On Nov 11, 2009, at 9:31 PM, Denis Arnaud wrote:
> On Nov 8, 10:36 pm, Andrew Dalke <andrewda...@gmail.com> wrote:
>> Those should be
>> 6943439 ... I have no idea ...
>
> I guess that record 6943439 is encoded in UTF8. If so, it would
> correspond to:
> كاف الجاع
Since I have a terminal with UTF-8 encoding, and since that output
comes direct from my Python program, this also works.

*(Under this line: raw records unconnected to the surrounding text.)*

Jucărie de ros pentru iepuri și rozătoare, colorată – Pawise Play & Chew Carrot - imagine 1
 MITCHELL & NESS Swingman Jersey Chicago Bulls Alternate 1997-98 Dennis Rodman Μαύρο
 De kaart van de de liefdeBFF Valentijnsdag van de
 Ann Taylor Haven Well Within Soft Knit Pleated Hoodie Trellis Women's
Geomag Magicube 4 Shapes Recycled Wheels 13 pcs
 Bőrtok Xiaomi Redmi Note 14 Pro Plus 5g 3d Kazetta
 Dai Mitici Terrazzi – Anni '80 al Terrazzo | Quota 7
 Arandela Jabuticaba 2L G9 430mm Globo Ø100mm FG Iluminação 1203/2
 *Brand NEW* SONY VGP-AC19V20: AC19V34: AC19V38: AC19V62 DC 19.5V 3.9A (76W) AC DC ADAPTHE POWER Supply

>>> print '\xd9\x83\xd8\xa7\xd9\x81 \xd8\xa7\xd9\x84\xd8\xac\xd8\xa7
\xd8\xb9'
كاف الجاع
>>>
I was about to do
unicode('\xd9\x83\xd8\xa7\xd9\x81 \xd8\xa7\xd9\x84\xd8\xac\xd8\xa7\xd8
\xb9', "utf").encode("utf8")
when I realized that was rather pointless.
In any case, the "I have no idea" means that I don't know what goes
in the ASCII field for that name. The others I could handle by eye,
picking the closest looking ASCII character or by doing:
# Get the raw UTF-8 bytes
name = field[ascii_name_column]
# Convert to Unicode
name = unicode(name, "utf8")
# Normalize in a way that you'll have to consult
# the Unicode references for, then convert to ASCII.
# short version: split out diacritics into composed characters
# then remove the composing characters.
name = unicodedata.normalize("NFKD", name).encode("ASCII",
"ignore")
but with pure Arabic this ended up as " ", which is the space in the
middle.
Andrew
da...@dalkescientific.com